Going back to the opening thought, which is that someone should build an aggregation app on top of all of these services so we can replace the app on our home screen that we are most loyal to with an app that works across all services. The authors of this blog post did just that and you can use What’s The Fare to tell you who has the best price in the market. It looks like right now its just a web/mobile web app and all it does it give you the fares. If they or someone else went further, made it into a mobile app, and used the services APIs to actually book rides (if the APIs were available to do that), then we’d really have something.

That’s the way this market should work long term. I hope we can get there soon. Google Maps and Apple Maps are the ideal interfaces to make it happen. Let’s go!

The Robotic Taxi Driver

Yesterday morning I made the mistake of leaving my apartment without my Citibike key. When I got to the Citibike station, I realized it and hailed a taxi instead. I got in the taxi and told the driver where I was going which was 6th Avenue and 13th Street. He started to enter the destination into the GPS on his phone which was mounted above the dash to the left of the steering wheel. I told him that wasn’t necessary as all he had to do was go a few blocks down Washington to 10th, make a left on 10th, then across 10th to 6th, then a left on 6th. So he took off down Washington and the preceded to blow right past 10th. At which point, I told him that he had missed 10th and he should make the next left onto Christopher, which he then drove right past. After a couple more missed turns, I told him to stop and got out of the taxi and told him that he should learn a bit about getting around the city before getting behind the wheel of a taxi cab. Then I tweeted this out.

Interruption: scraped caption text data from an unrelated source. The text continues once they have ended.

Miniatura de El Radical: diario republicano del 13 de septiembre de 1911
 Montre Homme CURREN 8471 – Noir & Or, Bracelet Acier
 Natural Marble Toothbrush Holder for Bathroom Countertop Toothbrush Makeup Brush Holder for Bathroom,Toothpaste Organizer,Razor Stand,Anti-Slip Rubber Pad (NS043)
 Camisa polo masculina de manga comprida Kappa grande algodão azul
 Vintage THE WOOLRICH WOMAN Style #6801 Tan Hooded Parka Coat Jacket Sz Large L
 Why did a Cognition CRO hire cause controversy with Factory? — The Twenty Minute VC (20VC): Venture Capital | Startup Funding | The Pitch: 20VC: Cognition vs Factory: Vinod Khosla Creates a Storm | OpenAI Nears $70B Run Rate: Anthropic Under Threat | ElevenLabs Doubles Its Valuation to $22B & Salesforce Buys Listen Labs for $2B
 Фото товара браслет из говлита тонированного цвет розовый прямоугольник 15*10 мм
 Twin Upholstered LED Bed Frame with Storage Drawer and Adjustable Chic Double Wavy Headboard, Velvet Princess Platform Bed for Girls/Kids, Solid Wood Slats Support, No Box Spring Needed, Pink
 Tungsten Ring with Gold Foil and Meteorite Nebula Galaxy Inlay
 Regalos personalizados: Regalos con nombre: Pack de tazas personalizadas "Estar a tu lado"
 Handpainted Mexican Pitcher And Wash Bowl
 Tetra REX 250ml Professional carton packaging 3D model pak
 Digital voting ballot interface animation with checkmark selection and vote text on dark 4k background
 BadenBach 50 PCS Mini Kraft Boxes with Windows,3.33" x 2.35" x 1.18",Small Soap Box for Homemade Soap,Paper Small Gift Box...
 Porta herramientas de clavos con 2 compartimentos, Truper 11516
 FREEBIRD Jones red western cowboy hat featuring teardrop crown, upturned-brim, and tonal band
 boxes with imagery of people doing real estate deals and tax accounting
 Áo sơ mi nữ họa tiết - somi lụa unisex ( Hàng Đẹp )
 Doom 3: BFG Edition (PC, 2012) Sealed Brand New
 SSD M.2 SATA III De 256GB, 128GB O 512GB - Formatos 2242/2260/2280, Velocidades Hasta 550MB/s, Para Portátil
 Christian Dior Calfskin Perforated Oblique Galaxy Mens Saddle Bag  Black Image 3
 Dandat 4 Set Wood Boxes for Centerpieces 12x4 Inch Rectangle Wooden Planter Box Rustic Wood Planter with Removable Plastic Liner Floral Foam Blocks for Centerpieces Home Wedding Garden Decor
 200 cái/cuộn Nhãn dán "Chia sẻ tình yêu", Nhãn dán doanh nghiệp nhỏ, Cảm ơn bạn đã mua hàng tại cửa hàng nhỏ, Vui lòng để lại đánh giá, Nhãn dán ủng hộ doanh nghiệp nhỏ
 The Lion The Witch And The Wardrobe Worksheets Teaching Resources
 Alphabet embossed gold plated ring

If you click on that tweet and look at all of the replies, you will find an interesting discussion of the current state of the taxis and ride sharing services in NYC, Chicago, London, and a bunch more cities. It seems that my experience of getting into a car and the driver having no idea where they are and where they are going is not unique. It’s happening to lots of people in lots of places.

Now you might say, “well you should have let the driver use the GPS” and you would be right about that. But in that tweet reply stream there are plenty of stories about drivers using GPS and still getting terribly lost. When you have no idea where you are and no idea where you are going, the GPS isn’t as useful as it would seem. And then there are the issues of road work, closed streets, traffic, and other sorts of things that requires experience and local knowledge to navigate. There is a huge difference between an experienced driver who knows their way around a city and a driver just off the plane from somewhere else driving around NYC using a GPS in lieu of that local knowledge.

What has happened in NYC and apparently in many other places is the arrival of ride sharing services has increased the demand for drivers and the best drivers are moving from taxis to the higher end services and new drivers are being recruited to drive the cabs and the lower end ride sharing services. These new drivers have no training and have no idea where they are going without the GPS. And they are totally and completely reliant on the GPS. It makes me feel like the autonomous car has arrived in the form of the robotic taxi driver.

I told this story to my friend Jeremy last night and he observed that the right answer is to use the higher end ride sharing services where all the experienced drivers are now working. He said “price and quality are lining up as you would expect in a market economy.” Of course the other option is to not forget my citibike key or walk or take the subway. Which is looking like a better option more and more these days.